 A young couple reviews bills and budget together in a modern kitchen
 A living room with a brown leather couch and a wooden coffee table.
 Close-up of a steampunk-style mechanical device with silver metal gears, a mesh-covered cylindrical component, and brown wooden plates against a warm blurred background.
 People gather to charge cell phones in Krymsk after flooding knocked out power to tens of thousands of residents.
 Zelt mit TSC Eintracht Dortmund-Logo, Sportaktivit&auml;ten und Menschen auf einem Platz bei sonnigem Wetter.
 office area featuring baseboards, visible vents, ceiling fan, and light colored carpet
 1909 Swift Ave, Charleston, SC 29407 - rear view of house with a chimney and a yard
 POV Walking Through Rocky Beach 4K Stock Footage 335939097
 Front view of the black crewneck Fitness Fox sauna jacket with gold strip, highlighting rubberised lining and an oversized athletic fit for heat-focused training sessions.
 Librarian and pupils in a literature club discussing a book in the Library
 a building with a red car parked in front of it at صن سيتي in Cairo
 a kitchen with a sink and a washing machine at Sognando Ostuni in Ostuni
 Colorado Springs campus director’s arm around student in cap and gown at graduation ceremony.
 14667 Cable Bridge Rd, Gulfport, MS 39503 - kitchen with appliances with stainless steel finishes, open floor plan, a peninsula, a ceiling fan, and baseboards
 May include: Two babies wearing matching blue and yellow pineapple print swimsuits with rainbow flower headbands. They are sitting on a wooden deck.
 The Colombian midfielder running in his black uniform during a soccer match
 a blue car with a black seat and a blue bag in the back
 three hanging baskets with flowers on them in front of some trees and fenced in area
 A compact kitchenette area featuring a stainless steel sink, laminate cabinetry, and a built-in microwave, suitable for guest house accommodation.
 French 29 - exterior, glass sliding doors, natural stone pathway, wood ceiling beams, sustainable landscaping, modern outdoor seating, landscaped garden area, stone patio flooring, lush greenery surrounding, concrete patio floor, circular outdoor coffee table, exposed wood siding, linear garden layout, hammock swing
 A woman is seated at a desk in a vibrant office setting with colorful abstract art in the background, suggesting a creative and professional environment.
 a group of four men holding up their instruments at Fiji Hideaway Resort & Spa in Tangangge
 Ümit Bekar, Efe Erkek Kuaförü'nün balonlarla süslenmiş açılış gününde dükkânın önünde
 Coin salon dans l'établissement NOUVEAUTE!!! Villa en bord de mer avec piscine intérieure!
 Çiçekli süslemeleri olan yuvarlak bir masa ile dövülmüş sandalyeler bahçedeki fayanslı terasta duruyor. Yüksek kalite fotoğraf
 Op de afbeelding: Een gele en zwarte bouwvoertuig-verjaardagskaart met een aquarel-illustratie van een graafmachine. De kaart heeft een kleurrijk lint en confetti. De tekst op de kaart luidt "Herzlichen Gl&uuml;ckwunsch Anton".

+++

Copy the whole of the data above exactly.

 A young couple reviews bills and budget together in a modern kitchen
 A living room with a brown leather couch and a wooden coffee table.
 Close-up of a steampunk-style mechanical device with silver metal gears, a mesh-covered cylindrical component, and brown wooden plates against a warm blurred background.
 People gather to charge cell phones in Krymsk after flooding knocked out power to tens of thousands of residents.
 Zelt mit TSC Eintracht Dortmund-Logo, Sportaktivit&auml;ten und Menschen auf einem Platz bei sonnigem Wetter.
 office area featuring baseboards, visible vents, ceiling fan, and light colored carpet
 1909 Swift Ave, Charleston, SC 29407 - rear view of house with a chimney and a yard
 POV Walking Through Rocky Beach 4K Stock Footage 335939097
 Front view of the black crewneck Fitness Fox sauna jacket with gold strip, highlighting rubberised lining and an oversized athletic fit for heat-focused training sessions.
 Librarian and pupils in a literature club discussing a book in the Library
 a building with a red car parked in front of it at صن سيتي in Cairo
 a kitchen with a sink and a washing machine at Sognando Ostuni in Ostuni
 Colorado Springs campus director’s arm around student in cap and gown at graduation ceremony.
 14667 Cable Bridge Rd, Gulfport, MS 39503 - kitchen with appliances with stainless steel finishes, open floor plan, a peninsula, a ceiling fan, and baseboards
 May include: Two babies wearing matching blue and yellow pineapple print swimsuits with rainbow flower headbands. They are sitting on a wooden deck.
 The Colombian midfielder running in his black uniform during a soccer match
 a blue car with a black seat and a blue bag in the back
 three hanging baskets with flowers on them in front of some trees and fenced in area
 A compact kitchenette area featuring a stainless steel sink, laminate cabinetry, and a built-in microwave, suitable for guest house accommodation.
 French 29 - exterior, glass sliding doors, natural stone pathway, wood ceiling beams, sustainable landscaping, modern outdoor seating, landscaped garden area, stone patio flooring, lush greenery surrounding, concrete patio floor, circular outdoor coffee table, exposed wood siding, linear garden layout, hammock swing
 A woman is seated at a desk in a vibrant office setting with colorful abstract art in the background, suggesting a creative and professional environment.
 a group of four men holding up their instruments at Fiji Hideaway Resort & Spa in Tangangge
 Ümit Bekar, Efe Erkek Kuaförü'nün balonlarla süslenmiş açılış gününde dükkânın önünde
 Coin salon dans l'établissement NOUVEAUTE!!! Villa en bord de mer avec piscine intérieure!
 Çiçekli süslemeleri olan yuvarlak bir masa ile dövülmüş sandalyeler bahçedeki fayanslı terasta duruyor. Yüksek kalite fotoğraf
 Op de afbeelding: Een gele en zwarte bouwvoertuig-verjaardagskaart met een aquarel-illustratie van een graafmachine. De kaart heeft een kleurrijk lint en confetti. De tekst op de kaart luidt "Herzlichen Gl&uuml;ckwunsch Anton".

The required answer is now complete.